From: Konrad Rzeszutek Wilk <konrad@darnok.org>
To: Nathan March <nathan@gt.net>
Cc: "xen-devel@lists.xensource.com" <xen-devel@lists.xensource.com>
Subject: Re: Crashing / unable to start domUs due to high number of luns?
Date: Tue, 31 Jan 2012 21:30:36 -0400 [thread overview]
Message-ID: <20120201013036.GA12637@andromeda.dapyr.net> (raw)

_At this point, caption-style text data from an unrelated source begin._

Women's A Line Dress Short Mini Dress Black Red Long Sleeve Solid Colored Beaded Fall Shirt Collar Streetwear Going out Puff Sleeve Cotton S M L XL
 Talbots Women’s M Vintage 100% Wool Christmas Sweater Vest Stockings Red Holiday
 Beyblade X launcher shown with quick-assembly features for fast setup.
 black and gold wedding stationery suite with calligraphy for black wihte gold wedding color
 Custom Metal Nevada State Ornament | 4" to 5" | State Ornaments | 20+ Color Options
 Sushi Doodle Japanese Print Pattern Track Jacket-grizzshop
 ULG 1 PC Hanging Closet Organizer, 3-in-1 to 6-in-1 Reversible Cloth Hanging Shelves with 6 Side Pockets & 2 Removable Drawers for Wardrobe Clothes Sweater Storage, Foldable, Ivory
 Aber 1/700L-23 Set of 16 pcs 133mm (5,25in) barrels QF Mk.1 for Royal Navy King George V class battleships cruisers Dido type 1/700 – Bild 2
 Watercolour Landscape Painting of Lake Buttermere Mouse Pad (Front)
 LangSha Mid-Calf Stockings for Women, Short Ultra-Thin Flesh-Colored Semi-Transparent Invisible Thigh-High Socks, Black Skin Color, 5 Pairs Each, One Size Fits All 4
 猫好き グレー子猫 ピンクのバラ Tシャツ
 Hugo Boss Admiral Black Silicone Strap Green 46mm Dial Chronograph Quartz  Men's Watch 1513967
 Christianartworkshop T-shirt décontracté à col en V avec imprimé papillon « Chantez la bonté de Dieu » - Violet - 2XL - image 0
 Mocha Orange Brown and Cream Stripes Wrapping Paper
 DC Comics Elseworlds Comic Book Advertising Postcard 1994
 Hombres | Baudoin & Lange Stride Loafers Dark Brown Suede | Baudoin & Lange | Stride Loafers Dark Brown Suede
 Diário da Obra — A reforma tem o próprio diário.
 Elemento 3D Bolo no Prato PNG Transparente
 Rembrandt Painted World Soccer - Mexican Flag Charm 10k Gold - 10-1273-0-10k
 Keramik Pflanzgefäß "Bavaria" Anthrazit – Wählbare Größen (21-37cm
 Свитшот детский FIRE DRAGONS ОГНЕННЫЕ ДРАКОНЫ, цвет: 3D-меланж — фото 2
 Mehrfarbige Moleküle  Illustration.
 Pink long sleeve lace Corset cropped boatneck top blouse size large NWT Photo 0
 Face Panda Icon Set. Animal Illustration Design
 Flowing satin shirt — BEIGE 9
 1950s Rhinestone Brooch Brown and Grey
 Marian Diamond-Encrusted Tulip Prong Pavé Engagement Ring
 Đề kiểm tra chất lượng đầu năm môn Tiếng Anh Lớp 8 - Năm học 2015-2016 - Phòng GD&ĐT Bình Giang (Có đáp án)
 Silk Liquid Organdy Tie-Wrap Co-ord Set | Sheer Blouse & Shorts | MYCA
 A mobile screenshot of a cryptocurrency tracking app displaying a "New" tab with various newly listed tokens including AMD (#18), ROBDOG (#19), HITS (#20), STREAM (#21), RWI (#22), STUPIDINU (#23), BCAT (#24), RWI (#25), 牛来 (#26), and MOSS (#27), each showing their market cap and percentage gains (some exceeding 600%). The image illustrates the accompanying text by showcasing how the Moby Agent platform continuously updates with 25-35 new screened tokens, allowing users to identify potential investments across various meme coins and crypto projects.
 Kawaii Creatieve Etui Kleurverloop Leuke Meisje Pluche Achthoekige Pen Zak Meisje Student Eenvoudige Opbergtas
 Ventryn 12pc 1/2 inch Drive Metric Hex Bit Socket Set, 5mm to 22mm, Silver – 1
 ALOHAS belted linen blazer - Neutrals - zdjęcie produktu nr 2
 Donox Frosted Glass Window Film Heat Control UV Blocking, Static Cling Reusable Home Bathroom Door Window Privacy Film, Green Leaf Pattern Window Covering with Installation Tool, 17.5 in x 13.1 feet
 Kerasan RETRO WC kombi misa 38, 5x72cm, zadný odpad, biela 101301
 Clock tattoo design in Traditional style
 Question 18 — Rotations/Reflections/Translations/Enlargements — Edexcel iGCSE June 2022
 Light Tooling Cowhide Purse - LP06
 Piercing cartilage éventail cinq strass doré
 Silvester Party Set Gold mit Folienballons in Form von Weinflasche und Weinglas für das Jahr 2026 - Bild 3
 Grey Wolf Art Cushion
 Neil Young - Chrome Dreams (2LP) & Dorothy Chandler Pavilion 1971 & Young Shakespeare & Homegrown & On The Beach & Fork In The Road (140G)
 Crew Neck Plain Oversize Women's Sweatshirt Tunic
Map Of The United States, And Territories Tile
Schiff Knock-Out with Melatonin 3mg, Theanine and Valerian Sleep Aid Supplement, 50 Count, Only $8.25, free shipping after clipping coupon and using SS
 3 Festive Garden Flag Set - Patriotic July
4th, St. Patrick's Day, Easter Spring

In-Reply-To: <4F28603F.8010900@gt.net>
On Tue, Jan 31, 2012 at 01:42:23PM -0800, Nathan March wrote:
> Hi All,
>
> We've got a xen setup based around a dell iscsi device with each xen
> host having 2 lun's, we then run multipath on top of that. After adding
> a couple new virtual disks the other day, a couple of our online stable
> VM's suddenly hard locked up. Attaching to the console gave me nothing,
> looked like they lost their disk devices.
>
> Attempting to restart them on the same dom0 failed with hot plug errors,
> as did attempting to start them on a few different dom0's. After doing a
> "multipath -F" to remove unused devices and manually bringing in just
> the selected LUN's via "multipath diskname", I was able to successfully
> start them. This initially made me think perhaps I was hitting some sort
> of udev / multipath / iscsi device lun limit (136 luns, 8 paths per lun
> = 1088 iscsi connections). Just to be clear, the problem occurred on
> multiple dom0's at the same time so it definitely seems iscsi related.
>
> Now, a day later, I'm debugging this further and I'm again unable to
> start VM's, even with all extra multipath devices removed. I rebooted
> one of the dom0's and was able to successfully migrate our production
> VM's off a broken server, so I've now got an empty dom0 that's unable to
> start any vm's.
>
> Starting a VM results in the following in xend.log:
>
> [2012-01-31 13:06:16 12353] DEBUG (DevController:144) Waiting for 0.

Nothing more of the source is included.